At the Seoul Arts Center, Jaap van Zweden and the Seoul Philharmonic Orchestra offered Beethoven’s Symphony no. 9 in D minor on its own – no overture, no concerto. Lasting roughly an hour, it treated Beethoven’s disputed metronome marks less as provocation than instruction, trading bloom for voltage. The sound carried an historically alert tint: vibrato pared back, articulation sharpened, strings kept on a lean dynamic diet – modern forces speaking with tighter consonants while retaining full brass and percussion.
In the Allegro ma non troppo, un poco maestoso, the opening fifths arrived not as mist but as a quiet boil, nervous heat contained in a small sound. Van Zweden pressed on; the strings answered with grain at the edge of the tone, clarity purchased by exposure.
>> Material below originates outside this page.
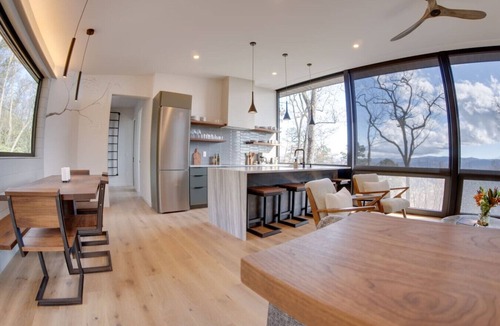 Mills River House | The Lower Dogwoods at Vineyard Gap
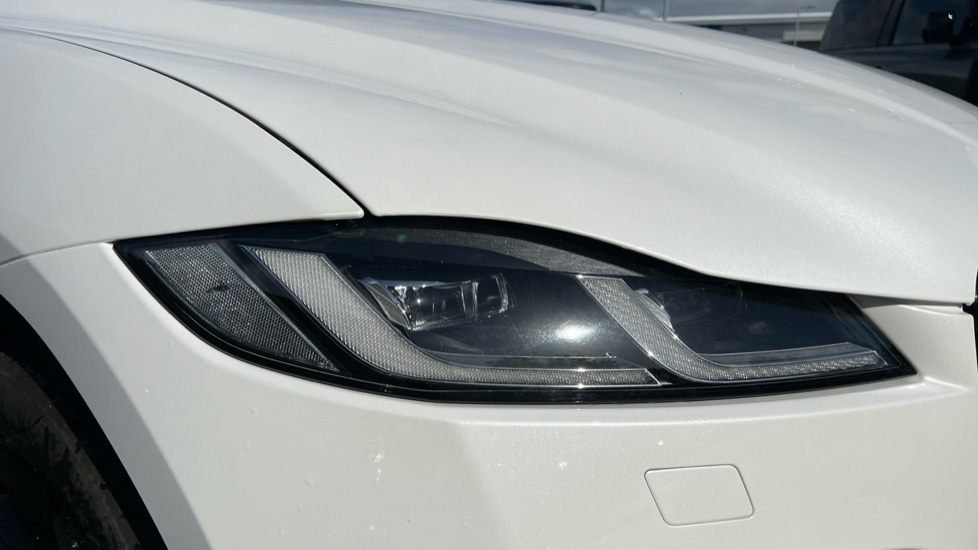 Used Jaguar F-Pace 2023 for sale - 76868667: Photo 17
Dotted rhythms bit; inner parts stayed legible; the span held without rhetorical brakes. Yet at this speed Beethoven’s chiaroscuro could flatten. In the development, the fugato that should split into strands sometimes sat in low contrast, the lines merging into a grey wash. Crescendos had thrilling thrust, but could feel pre‑lit – the light arriving before tension had time to gather.
In the Molto vivace, van Zweden’s method paid off. Timpani drove with predatory insistence and the orchestra’s internal clock held through hairpin turns with impressive nerve. The sound was deliberately untamed, rough‑edged rather than polished, and the risk gave the movement a physical charge. The Trio changed the air at once; woodwinds projected the tune with a clean profile, phrases neatly aligned. But the relaxation Beethoven promises here was fleeting. The gear‑shift compressed the pastoral into passing scenery before the Scherzo’s grit snapped back into place.
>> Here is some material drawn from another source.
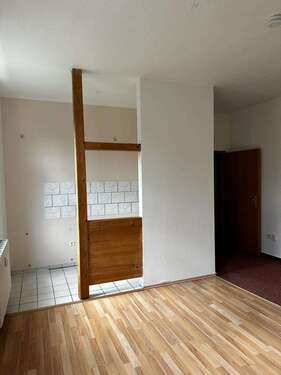 Wohnzimmer-Küche - 2- Zimmerwohnung mit 41,90 m&sup2; in Pößneck zur Miete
The Adagio molto e cantabile refused plush consolation. Variations kept moving and wind colour registered clearly, but the cantabile often felt more sketched than sung. With little time granted to resonance, the long arc did not always settle; lyricism registered as tensile beauty, not deep ease.

The Finale held the conception’s strength and fragility in the same frame. Cellos and basses delivered the opening recitative in strict tempo; the Ode to Joy theme entered without theatrical delay, not so much dawning as appearing, already in motion. The Alla marcia flashed – piccolo and percussion cutting through the orchestral texture – with headlong brilliance. The orchestra met the high‑wire pacing with discipline and bite, and the chorus, drilled and resilient, negotiated the speed with admirable grit. But the vocal writing exposed limits: the solo quartet struggled to blend and at points of transition the seams showed, the margin for breath deliberately slim.
The last chord split the hall. Some were on their feet, applause cutting into the dying resonance; others headed for the aisles as the sound evaporated. Van Zweden’s Ninth had fierce will and raw voltage, but it suggested a wine drawn from the cask a little too soon, its vintage and structure already clear, the flavours not yet fully knit.